**** DATA SHOWN ****
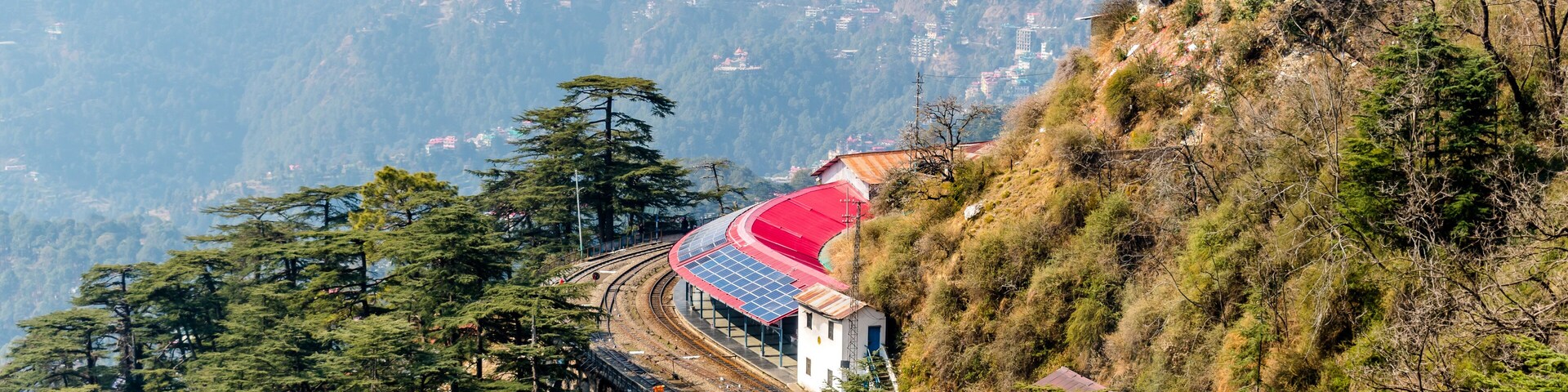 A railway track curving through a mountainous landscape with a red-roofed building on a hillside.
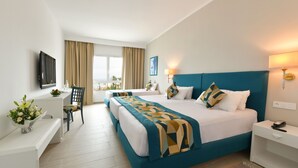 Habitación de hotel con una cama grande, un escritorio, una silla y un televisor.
****
**** DATA SHOWN ****
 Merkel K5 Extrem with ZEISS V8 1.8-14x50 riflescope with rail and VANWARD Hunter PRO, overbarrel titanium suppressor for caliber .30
****
**** DATA SHOWN ****
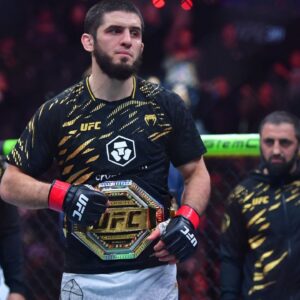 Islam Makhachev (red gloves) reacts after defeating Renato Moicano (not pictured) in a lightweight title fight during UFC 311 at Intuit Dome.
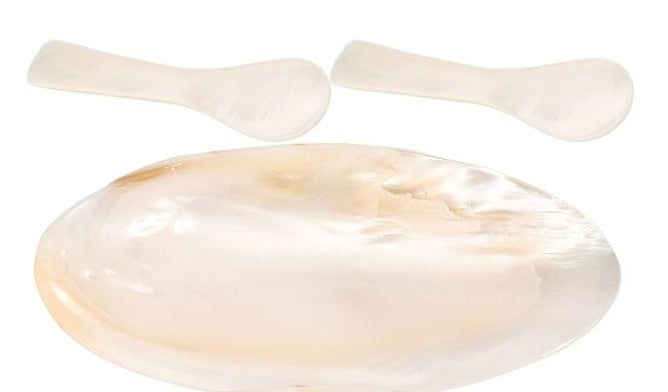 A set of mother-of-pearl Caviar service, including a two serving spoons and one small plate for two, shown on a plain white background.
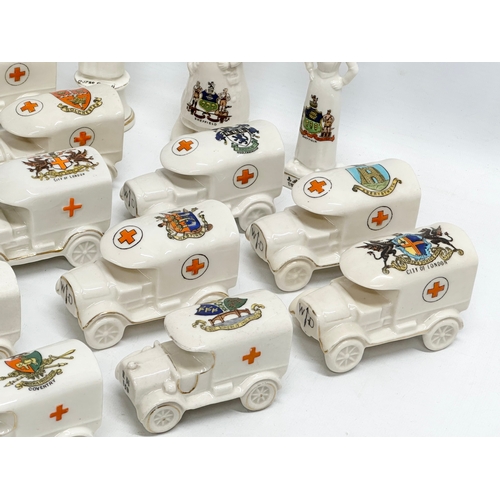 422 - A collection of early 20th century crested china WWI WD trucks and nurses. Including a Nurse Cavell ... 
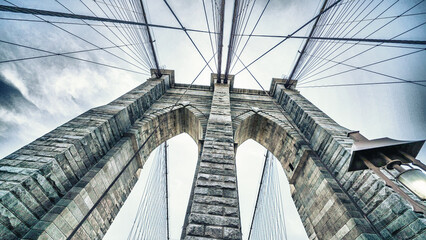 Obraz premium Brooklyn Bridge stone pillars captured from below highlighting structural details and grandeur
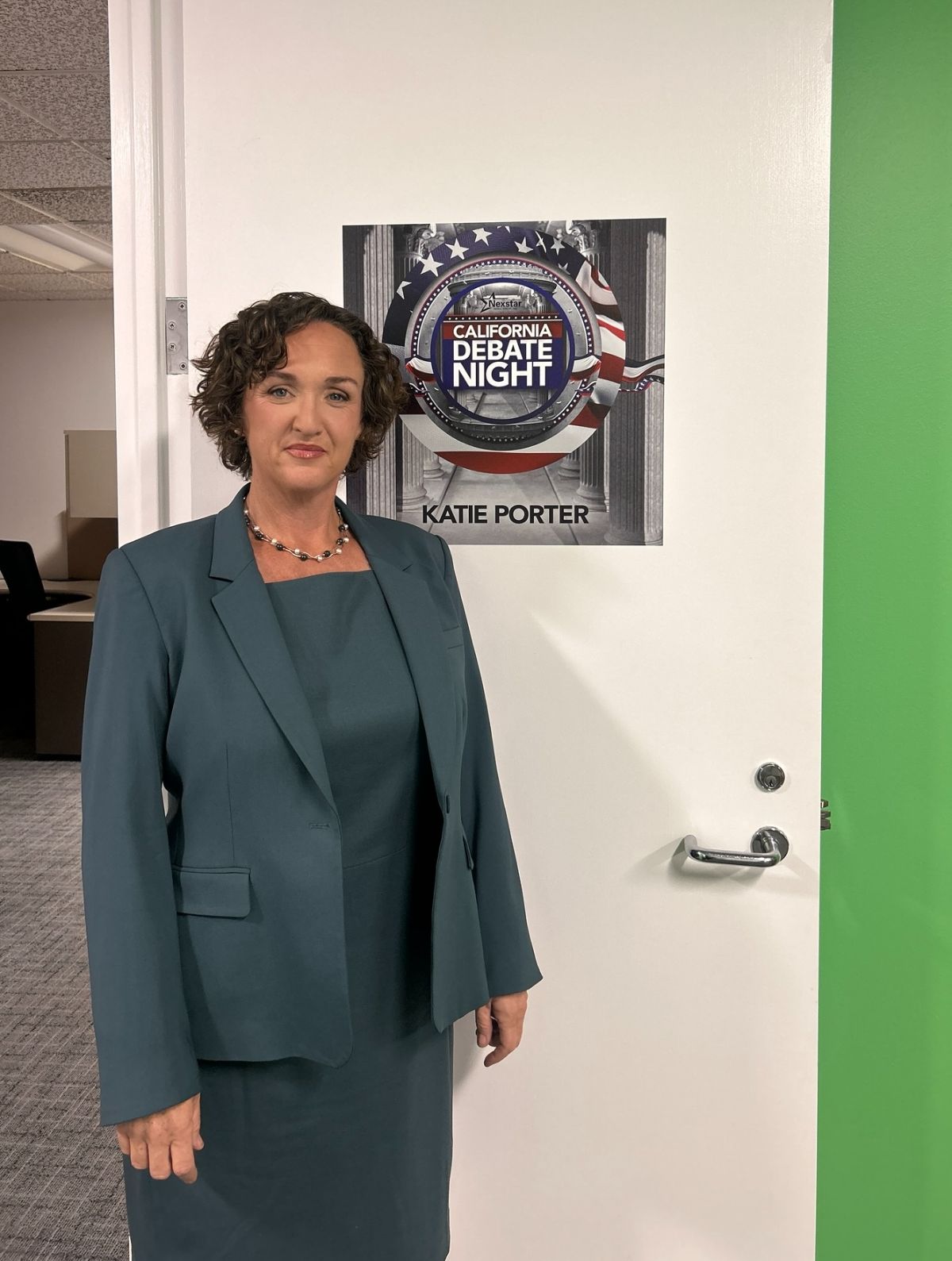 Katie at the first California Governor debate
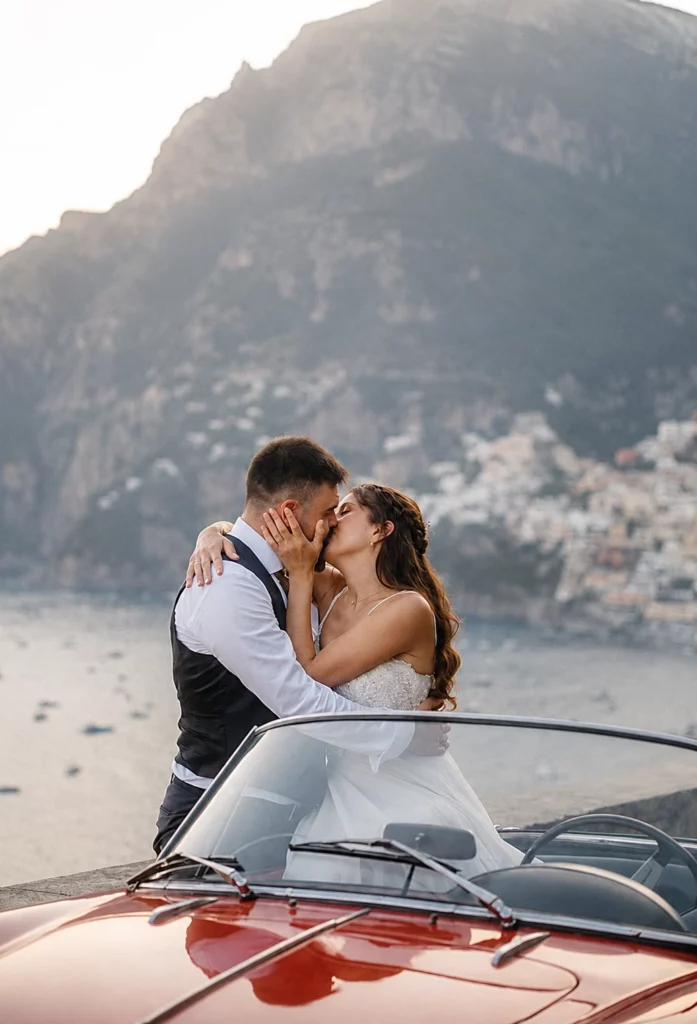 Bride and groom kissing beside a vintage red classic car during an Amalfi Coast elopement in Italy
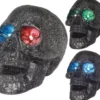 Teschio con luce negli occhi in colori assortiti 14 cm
****
Return exactly the stretch above whose first line contains "A railway track" and whose last line contains "Habitación de hotel", and nothing outside it. The pictures should not appear.

 A railway track curving through a mountainous landscape with a red-roofed building on a hillside.
 Habitación de hotel con una cama grande, un escritorio, una silla y un televisor.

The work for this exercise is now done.